* **EXERCISE**
Range to repeat from the listing below: the line containing "Kuća kuca duplex" down to the line containing "Женский памятник с", both included. Copy it exactly, pictures excluded, and add nothing else.

* **EXERCISE DATA**
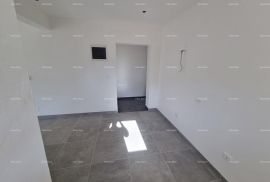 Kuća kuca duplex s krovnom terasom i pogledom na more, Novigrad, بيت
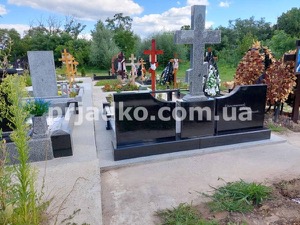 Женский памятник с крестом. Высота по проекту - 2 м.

* * *

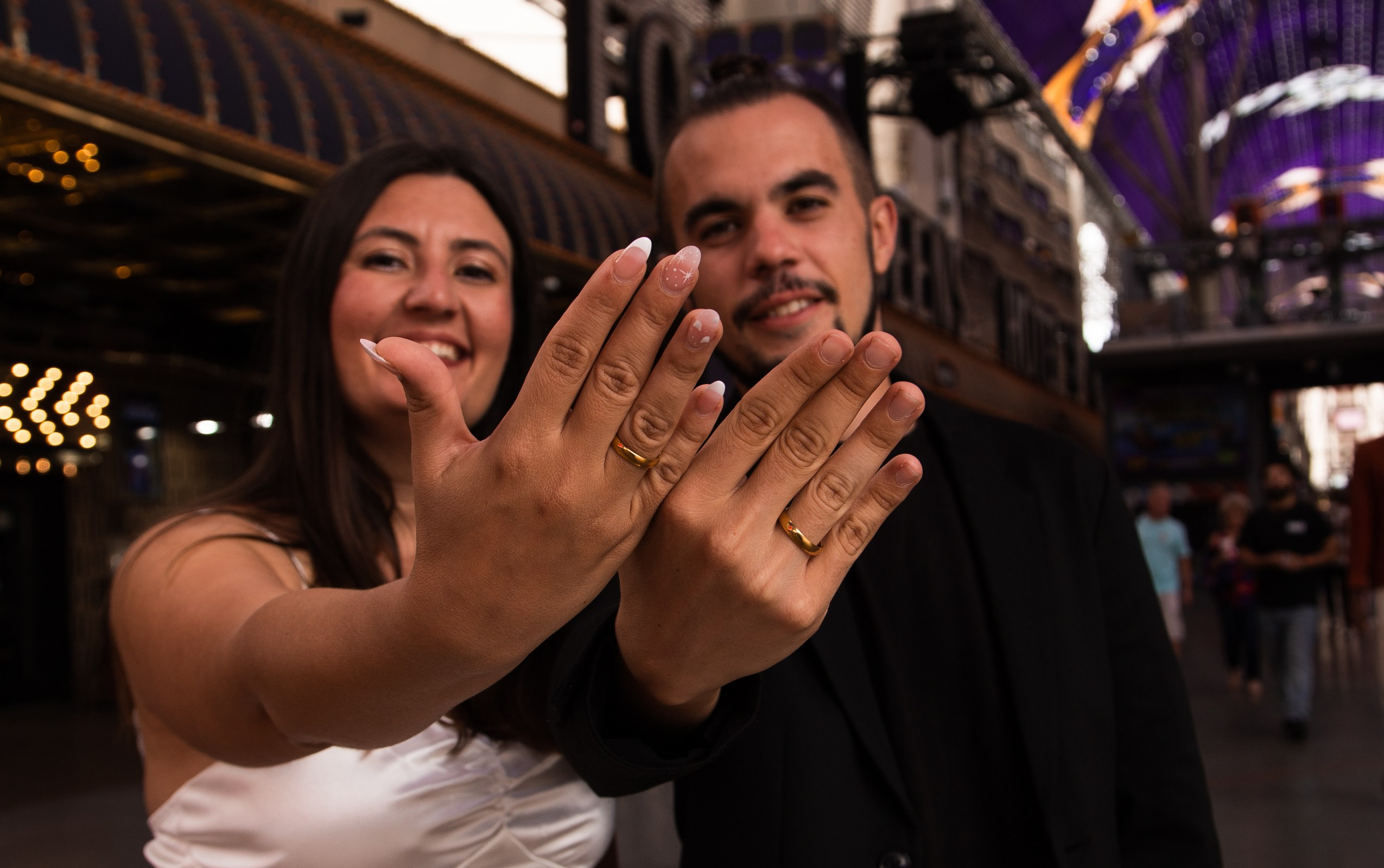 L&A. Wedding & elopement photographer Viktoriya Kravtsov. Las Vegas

...

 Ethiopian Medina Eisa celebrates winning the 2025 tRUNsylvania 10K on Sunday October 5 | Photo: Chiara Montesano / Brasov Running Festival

* **EXERCISE RESULT**
 Kuća kuca duplex s krovnom terasom i pogledom na more, Novigrad, بيت
 Женский памятник с крестом. Высота по проекту - 2 м.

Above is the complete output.